We can make some performance gains by informing compiler writers of the internal workings of our pipeline(s) and giving them hints about how best to arrange instructions so as to minimize stalls incurred by data dependencies, but there are limits to how insane compilers and compiler writers are willing to go in optimizing for a specific architecture. Besides, what if we could detect instruction level parallelism in hardware and take advantage of it in hardware rather than relying on smarter compilers to play those tricks on our behalf.

Well, how did we do data dependency detection? We retained a small data structure representing the registers to which changes were being computed and we stalled the pipeline until the requisite changes had been fully realized. So what happens when we have an instruction N which suffers from a data dependency, and an N+1 that is not so bound? N+1 gets hosed and has to wait in line until N clears the pipeline. We can do better than this! By creating some sort of structure representing instructions which are waiting to be executed, we can fill the execution pipeline every cycle by simply selecting the next instruction which is not data bound.

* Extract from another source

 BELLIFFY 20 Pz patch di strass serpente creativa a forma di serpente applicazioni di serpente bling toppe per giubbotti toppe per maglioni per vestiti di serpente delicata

But what about our programming model? As long as we’ve been designing hardware the assumption is that if the Nth instruction makes a change all instructions after that Nth instruction see the steady state left by the Nth instruction. Therefor if we allow the N+2nd instruction to make visible changes before the Nth instruction, we have violated our programming model and programs may break! To resolve this we need to be able to reorder results. We will add a 5th stage to our pipeline, in between execution and writeback, which buffers writeback commands and only allows them to be written back in the order of nominal single cycle instruction execution.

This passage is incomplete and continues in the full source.